* GIVEN RECORDS
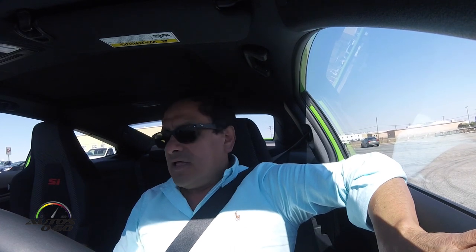So Honda returns to this segment with the 2017 Civic Si of the tenth generation, and it's truly been a pleasure to drive it here in the Mojave Desert. Until next time.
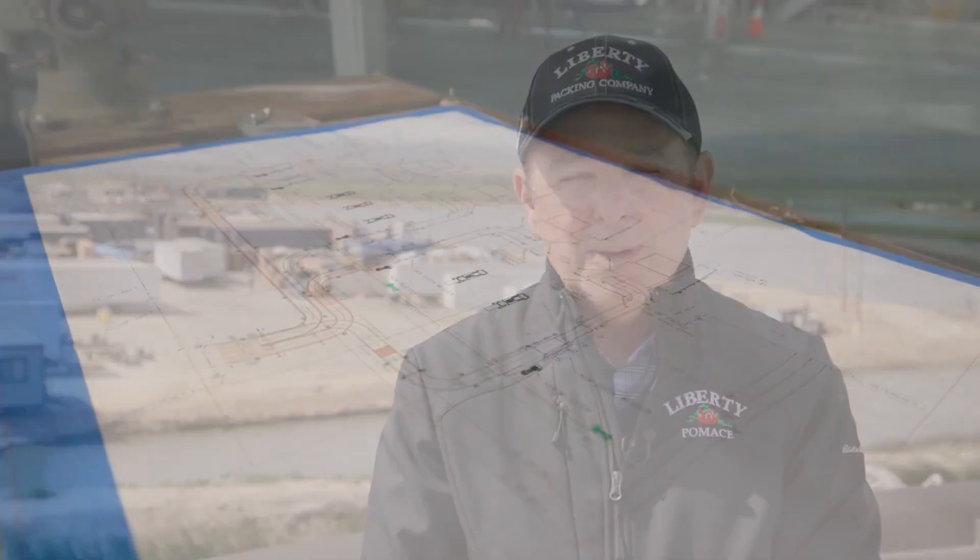Hi, this is James Sherwood with a 2023 preseason update here from Liberty Packing Company. We're real excited for the 2023 season and we're really looking forward to all of our customers and friends visiting us this year. We have a couple big capital projects going on this year, the first one being our food service pouch project.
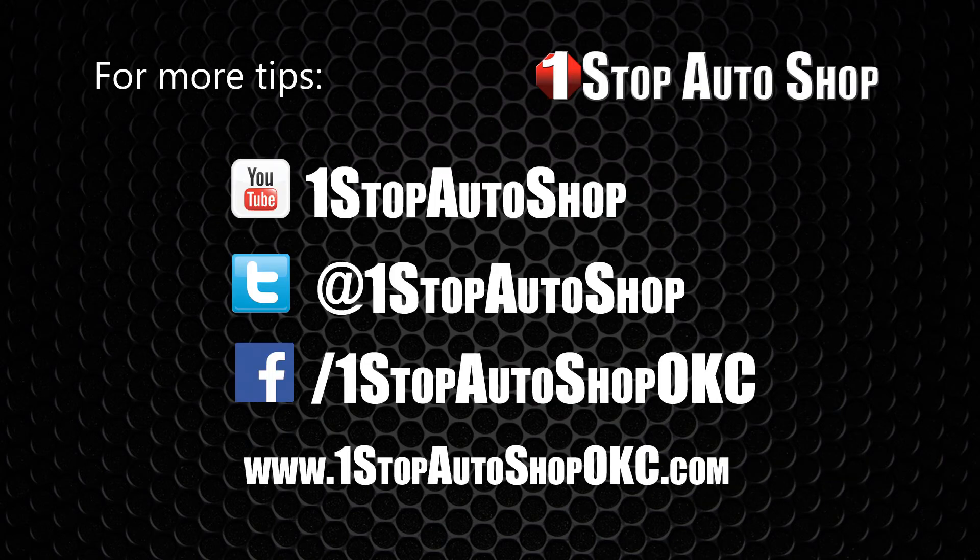For more tips, subscribe to our YouTube channel, follow us on Twitter at One Stop Auto Shop, like us on Facebook, or log on to OneStopAutoShopOKC.com. Thank you for watching.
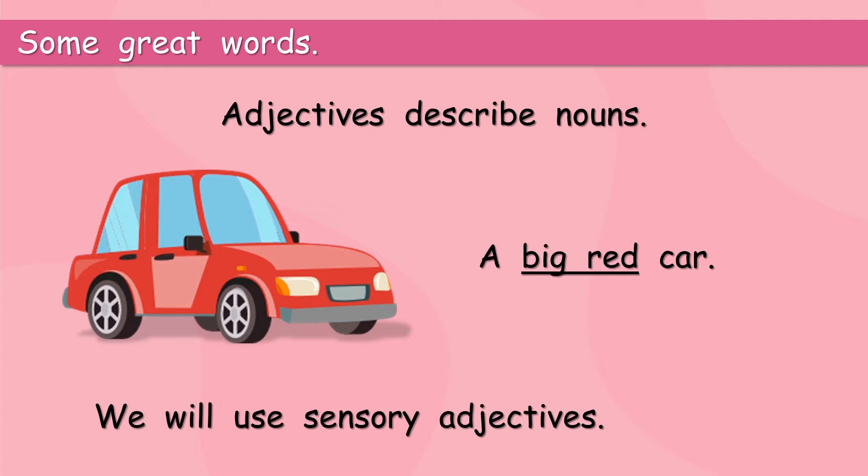We will use sensory adjectives. What is that? Sensory adjectives? Well, don't worry, they're not that difficult. But they are great — they really help us to say a lot more about nouns.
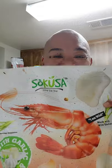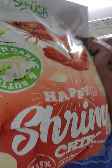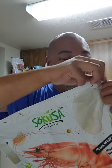Hey guys, check this new thing we got — Shrimp Chips. Happy Shrimp Chips from Costco. We're going to try this out. Look at this big ol' bag. It was only $5.49 or something.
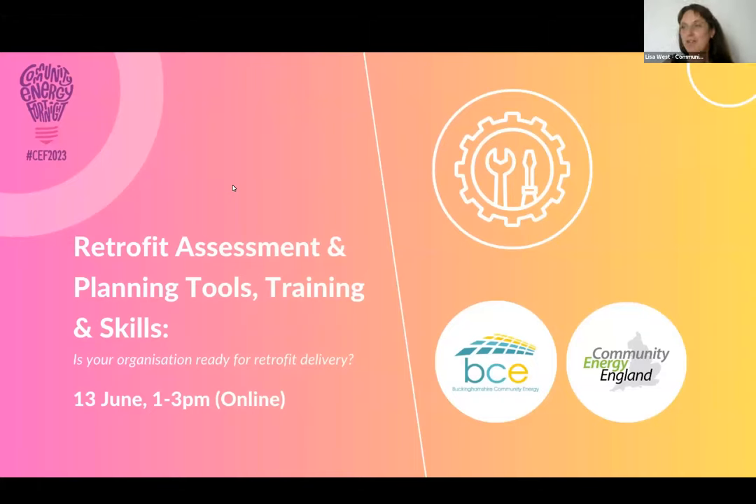Welcome everybody to Retrofit Assessment and Planning Tools, Training and Skills — the session we're holding today. My name is Lisa, I'm the Membership and Operations Officer at Community Energy England. We are delighted to be partnering with Buckinghamshire Community Energy to bring you this event, which is one of many during Community Energy Fortnight 2023. Thank you very much for joining us today.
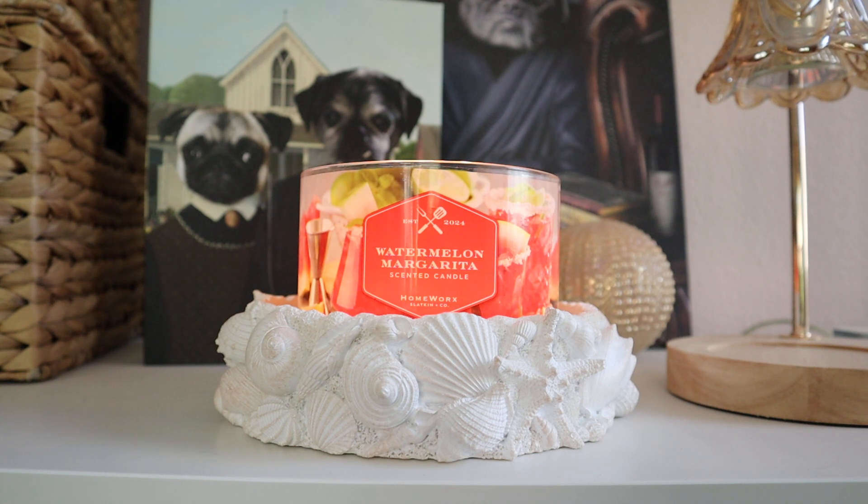If you are looking for a fun, fruity, summer-inspired boozy kind of drink scent to enjoy, this is one I would highly encourage you to pick up. I love this one — compared to the Grilled Peaches, which I'm a little more meh about, this one is a definite winner and I would absolutely recommend it. Now, if you're at all sensitive to that tequila note, skip it, because you are going to smell it post-burn, but it's not nearly as intense as it is on cold sniff.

* ACTIVITY
All entries above should be returned exactly, apart from their pictures.

* ANSWER TO THIS TASK
So Honda returns to this segment with the 2017 Civic Si of the tenth generation, and it's truly been a pleasure to drive it here in the Mojave Desert. Until next time.
Hi, this is James Sherwood with a 2023 preseason update here from Liberty Packing Company. We're real excited for the 2023 season and we're really looking forward to all of our customers and friends visiting us this year. We have a couple big capital projects going on this year, the first one being our food service pouch project.
For more tips, subscribe to our YouTube channel, follow us on Twitter at One Stop Auto Shop, like us on Facebook, or log on to OneStopAutoShopOKC.com. Thank you for watching.
We will use sensory adjectives. What is that? Sensory adjectives? Well, don't worry, they're not that difficult. But they are great — they really help us to say a lot more about nouns.
Hey guys, check this new thing we got — Shrimp Chips. Happy Shrimp Chips from Costco. We're going to try this out. Look at this big ol' bag. It was only $5.49 or something.
Welcome everybody to Retrofit Assessment and Planning Tools, Training and Skills — the session we're holding today. My name is Lisa, I'm the Membership and Operations Officer at Community Energy England. We are delighted to be partnering with Buckinghamshire Community Energy to bring you this event, which is one of many during Community Energy Fortnight 2023. Thank you very much for joining us today.
If you are looking for a fun, fruity, summer-inspired boozy kind of drink scent to enjoy, this is one I would highly encourage you to pick up. I love this one — compared to the Grilled Peaches, which I'm a little more meh about, this one is a definite winner and I would absolutely recommend it. Now, if you're at all sensitive to that tequila note, skip it, because you are going to smell it post-burn, but it's not nearly as intense as it is on cold sniff.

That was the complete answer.